Task objective »
Please copy the data exactly as it stands, minus the images.

Recorded data »

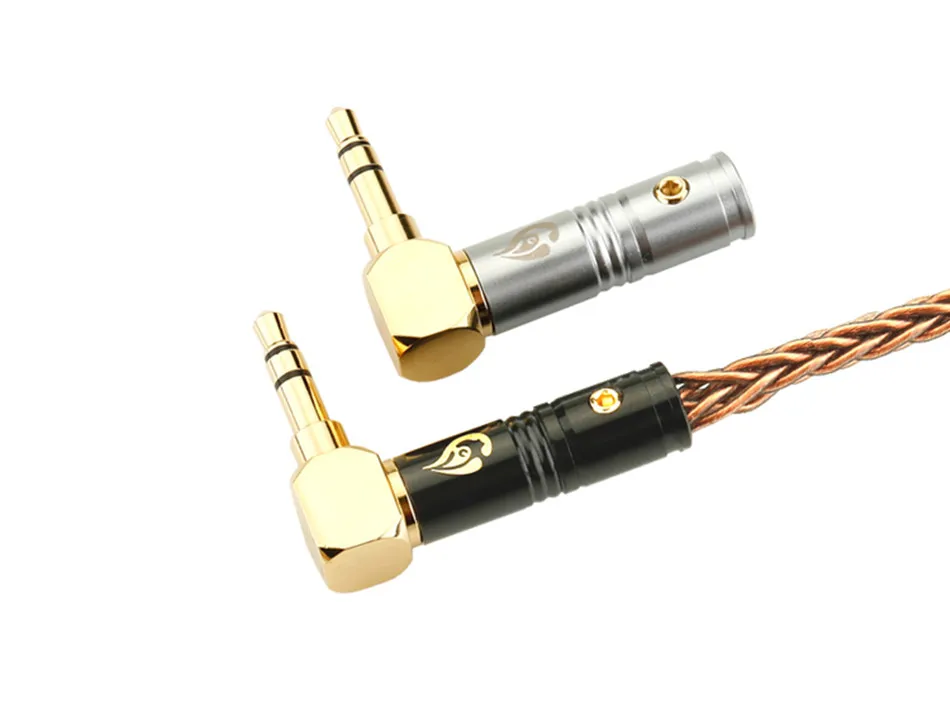 2 шт. 3,5 мм 90 градусов аудио разъем DIY стерео HiFi наушники изгиб металлический ремонт припоя провода разъем черный серебристый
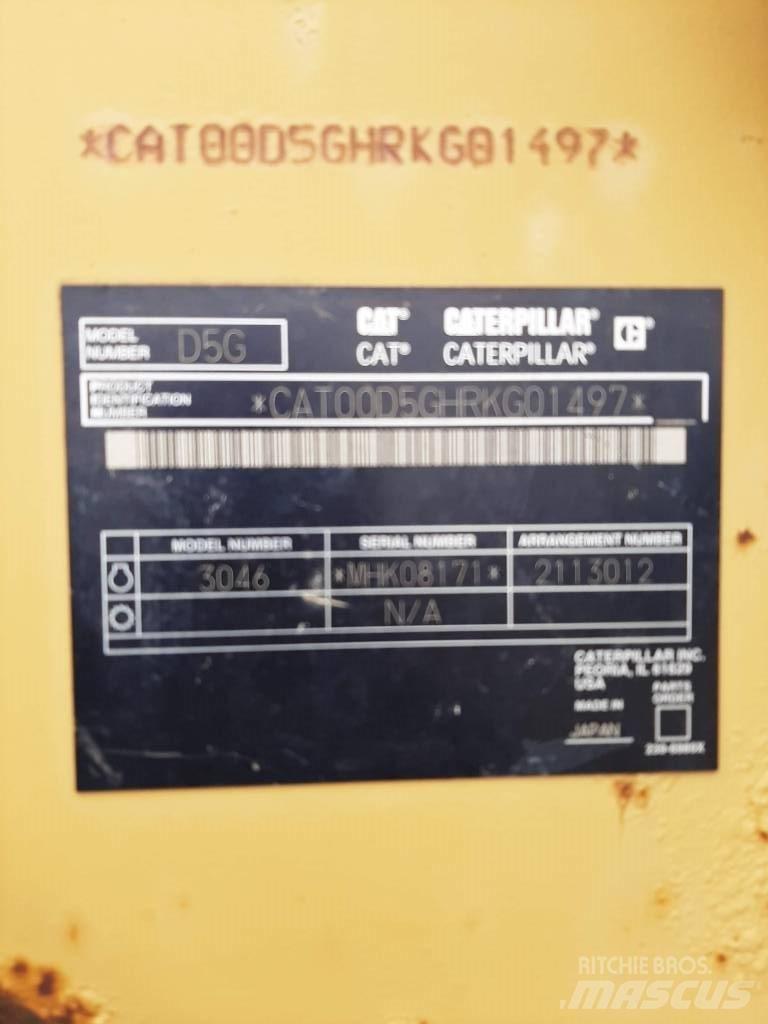 CAT D5GLGP Telaketjupuskutraktorit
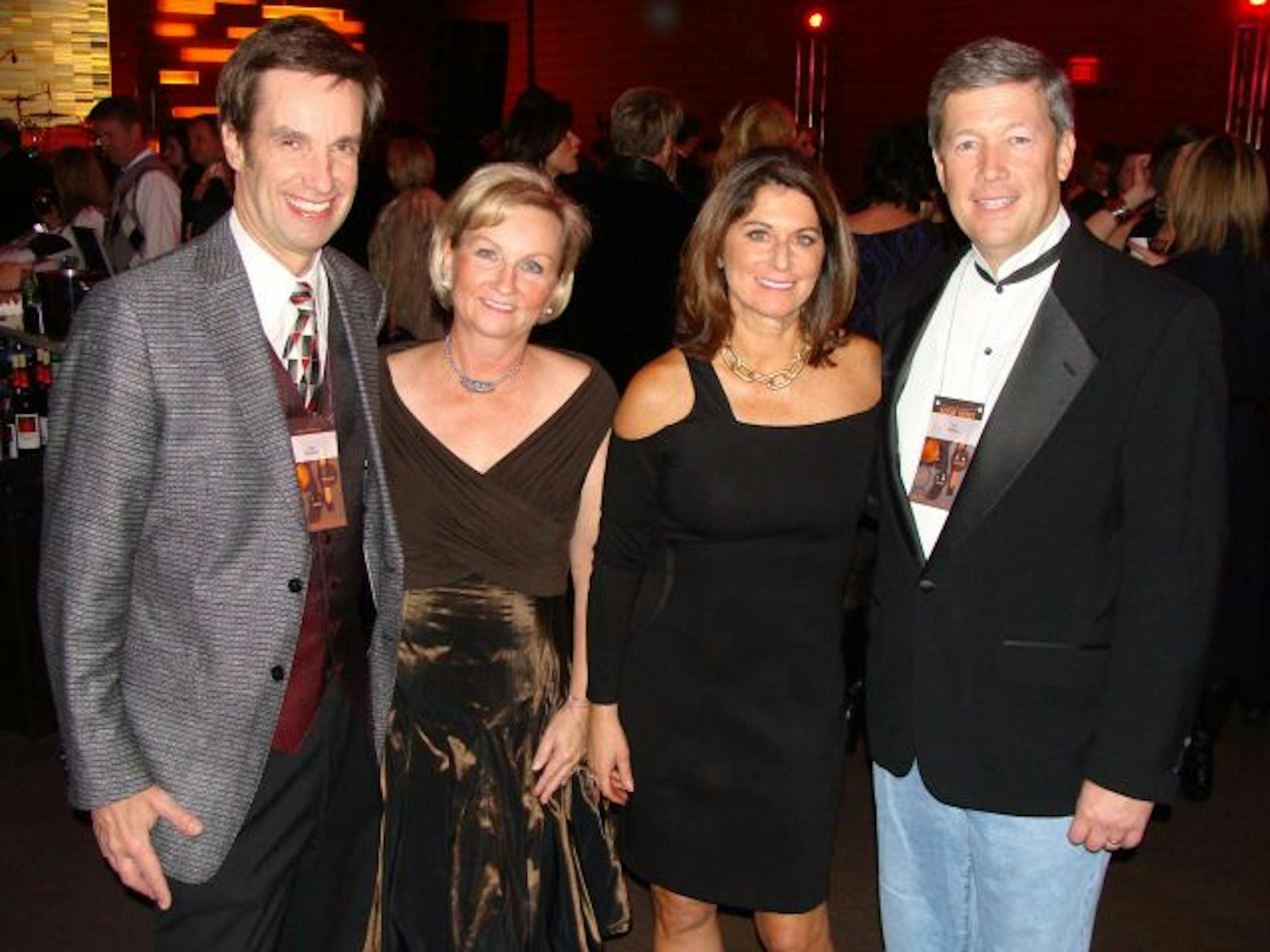 Sara Glassman, sglassman@startribune.com The Butterball at Graves 601 Hotel, benefitting Open Arms of Minnesota Jack and Sue Whitaker and Michelle and Tom Bradley, party co-hosts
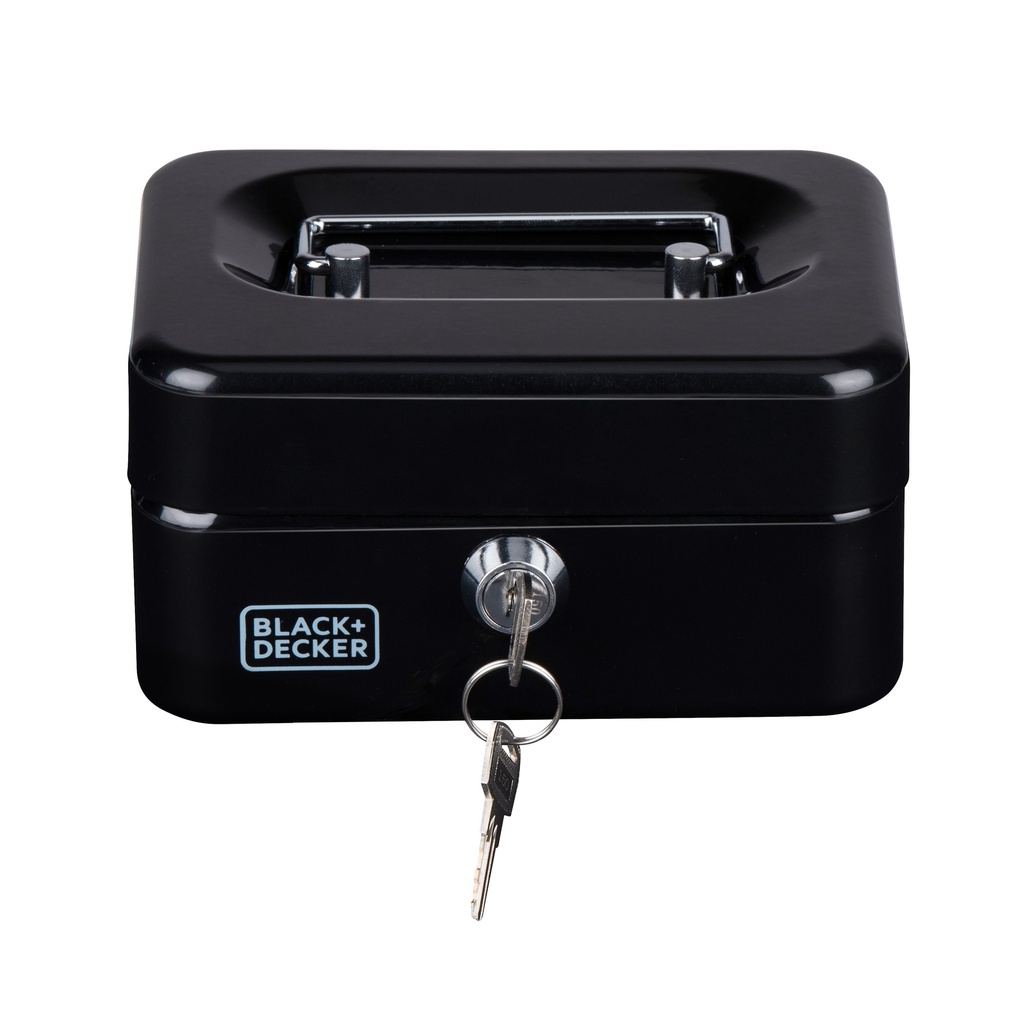 BLACK+DECKER Money Box 6 Trays 15x8x11.8cm Black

Task solution »
 2 шт. 3,5 мм 90 градусов аудио разъем DIY стерео HiFi наушники изгиб металлический ремонт припоя провода разъем черный серебристый
 CAT D5GLGP Telaketjupuskutraktorit
 Sara Glassman, sglassman@startribune.com The Butterball at Graves 601 Hotel, benefitting Open Arms of Minnesota Jack and Sue Whitaker and Michelle and Tom Bradley, party co-hosts
 BLACK+DECKER Money Box 6 Trays 15x8x11.8cm Black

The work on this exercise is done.